It’s tough to know where to start with night sky photography. Our astrophotography for beginners guide is here to make things a little easier for you, and to demystify the process of shooting the stars. While astrophotography, as a hobby, can require both financial investment and plenty of patience, the results are often spectacular, and you can achieve great star photos with any camera (and even some smartphones). Also, once you know the basic techniques, there are so many ways to get creative with your astro images.
This astrophotography beginners guide aims to cover the following topics: the camera and lenses you need to get the best photos possible; the right way to plan an astro shoot; the astrophotography settings you’ll need to use when you’re on location; and our tips for getting the most out of your photos, from creative shoots to smarter editing in Lightroom and Photoshop.
We also have guides to more specific types of night sky photography, which we cover in depth via separate articles. There’s one on how to photograph the Milky Way, another on how to get photos of the moon, and another on how to shoot the aurora (if you’re lucky enough to see it).
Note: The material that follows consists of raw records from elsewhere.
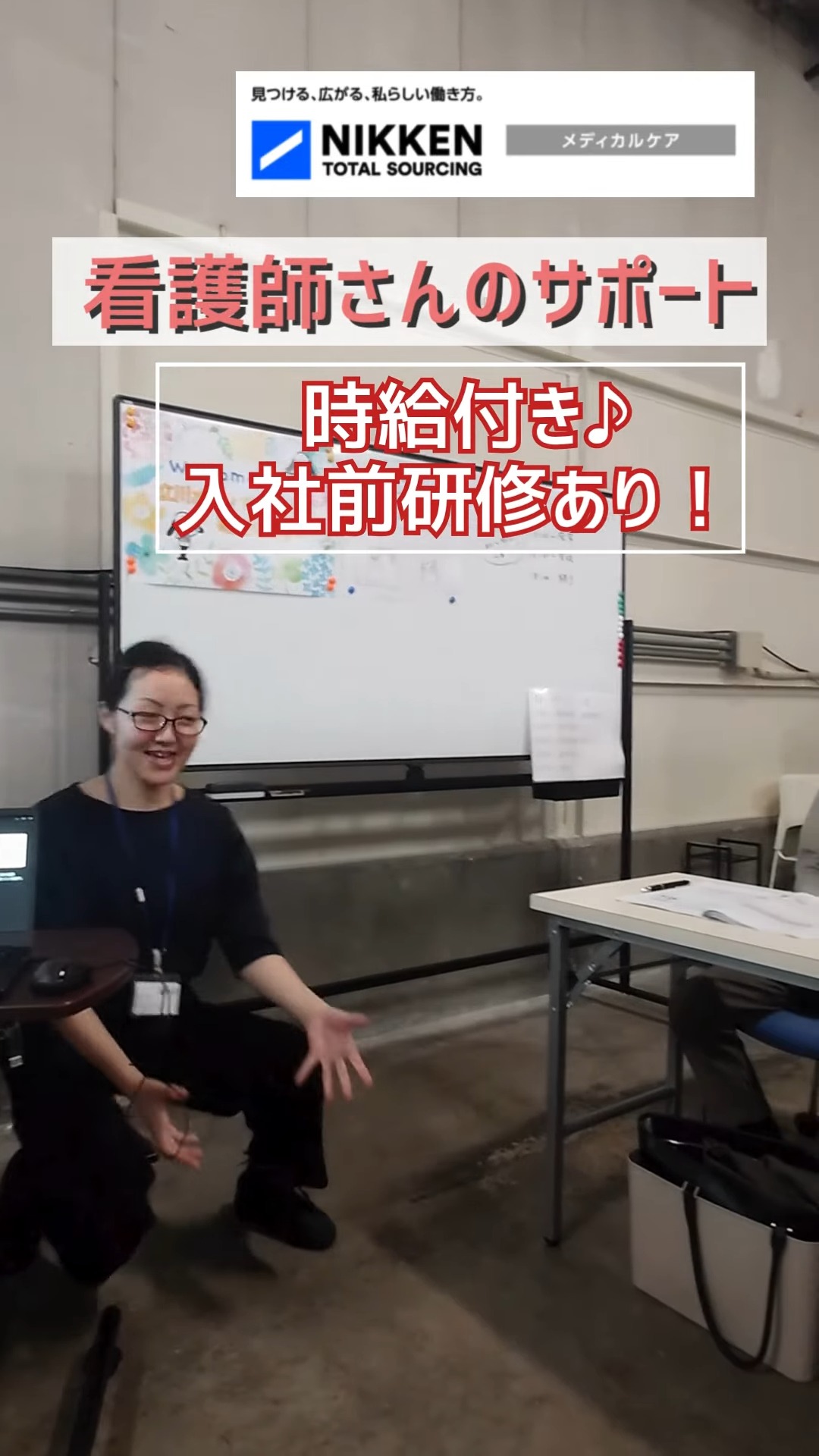 日研トータルソーシング株式会社　メディカルケア事業部/立川事業所【看護助手】 動画 看護助手・ナースエイド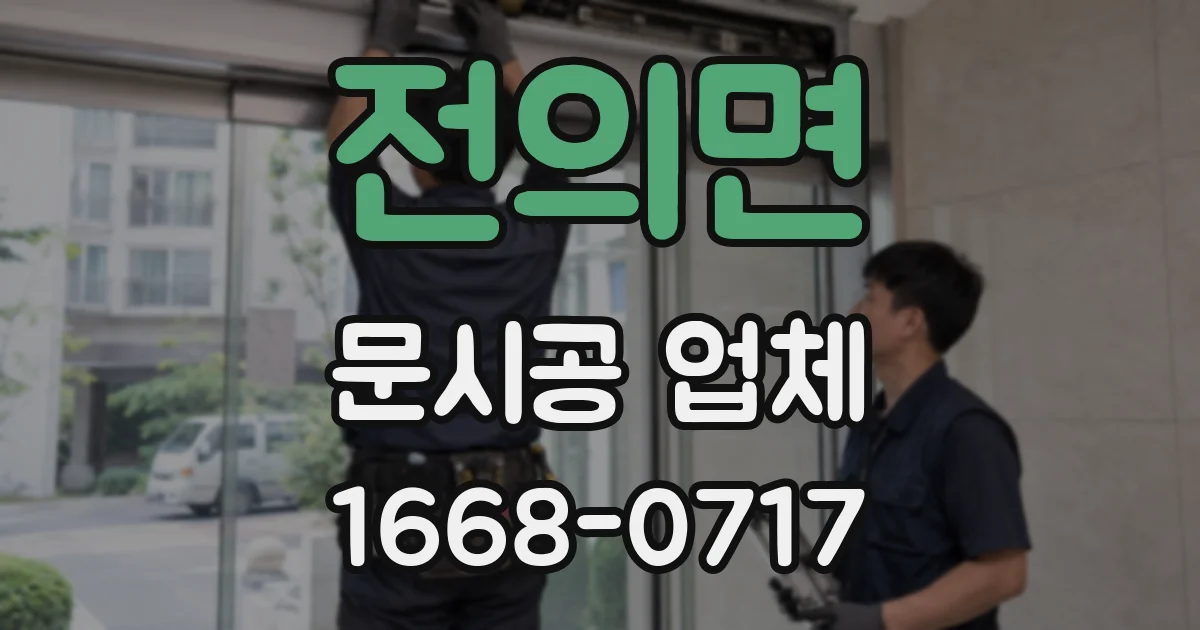 전의면 문시공 업체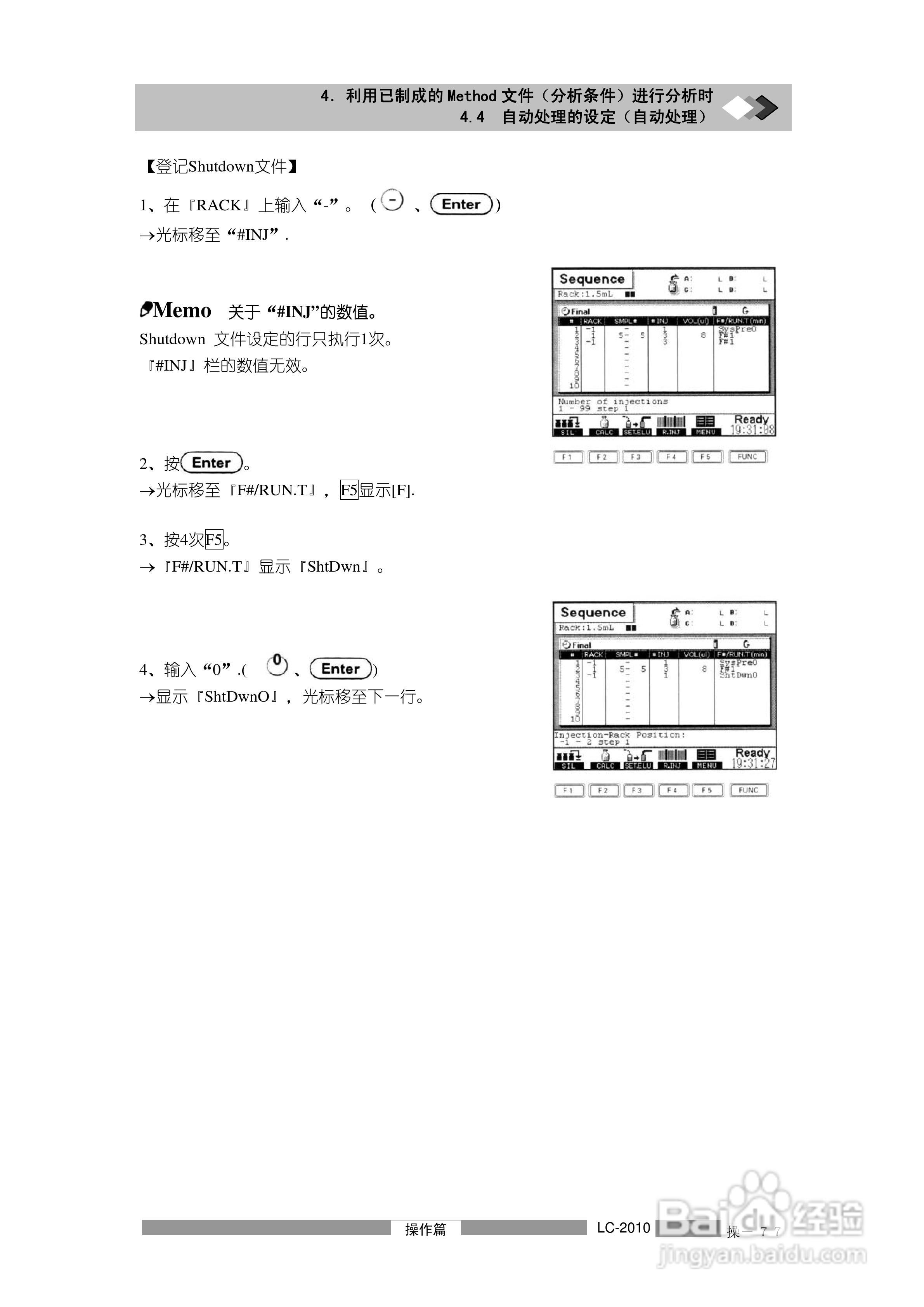 岛津LC2010A高效液相色谱仪操作说明书:[11]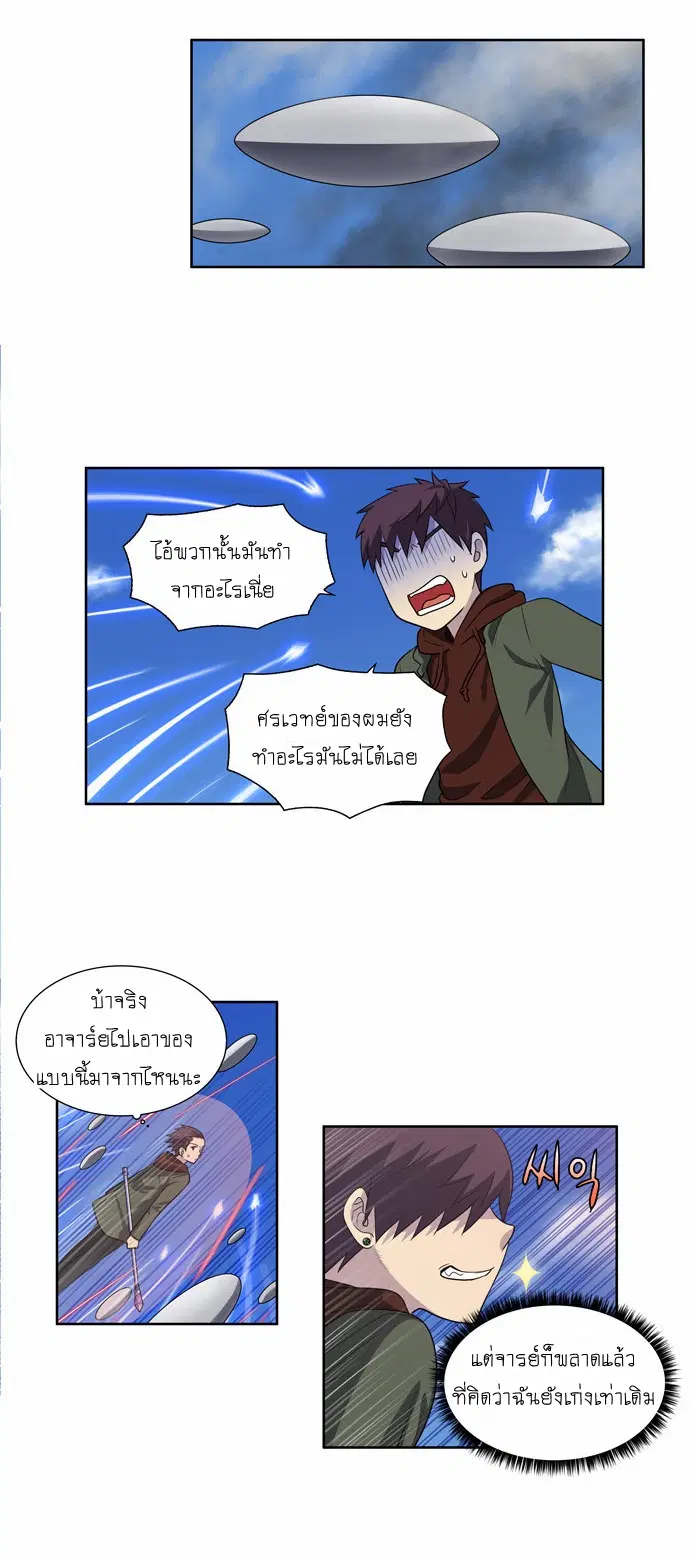 The Gamer ตอนที่ 156 หน้า 15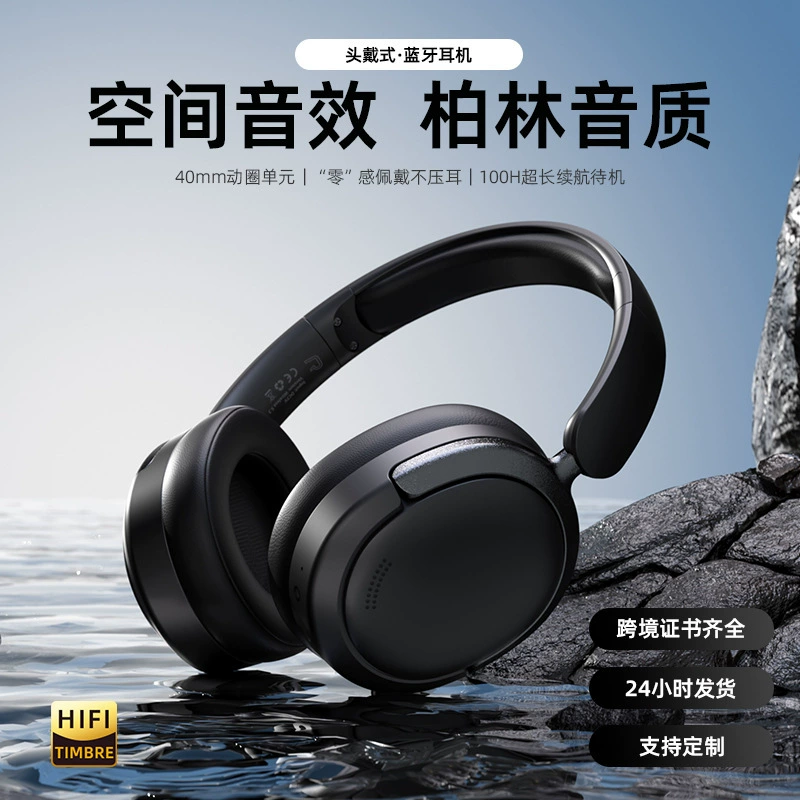 Новые беспроводные Bluetooth наушники с тяжелым басом и долгим временем работы без боли в наушниках высокого качества звука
While it can be time-consuming, the best advice we can give astrophotography beginners is to just do some research, have a go, and learn from your mistakes each time. Pretty soon you’ll have some spectacular night sky images to show your friends.
Camera bodies and lenses
Ideally, you’ll be using a DSLR or mirrorless camera in Manual mode. We always recommend manual focusing when shooting astro too, as most sensors – even in low light AF – simply won’t be able to focus on the night sky. Full frame cameras will perform the best in low light situations as they have a larger sensor and will therefore capture more light. However, modern crop-sensor cameras are very capable for astrophotography and are a more affordable option than full frame cameras.
As a rough guide, full frame cameras can cost upwards of $1000 and will likely set you back between $2000-3000 for a good mirrorless or DSLR with the ability to take sharp images at higher ISO settings. More on that later. Crop-sensor or APS-C cameras are usually $400 upwards, and are more than capable of capturing the night sky.
A wide or super-wide angle ‘fast’ lens in the 12-35mm range is best suited to landscape photography and astrophotography. Wide-angle focal lengths allow you to capture a good portion of the night sky as well as some of the landscape for foreground interest. A ‘fast’ lens is one that has a large maximum aperture – in other words, a small f-stop number. A lens with a maximum aperture of f/2.8 or lower is considered to be a fast lens and is excellent for astrophotography.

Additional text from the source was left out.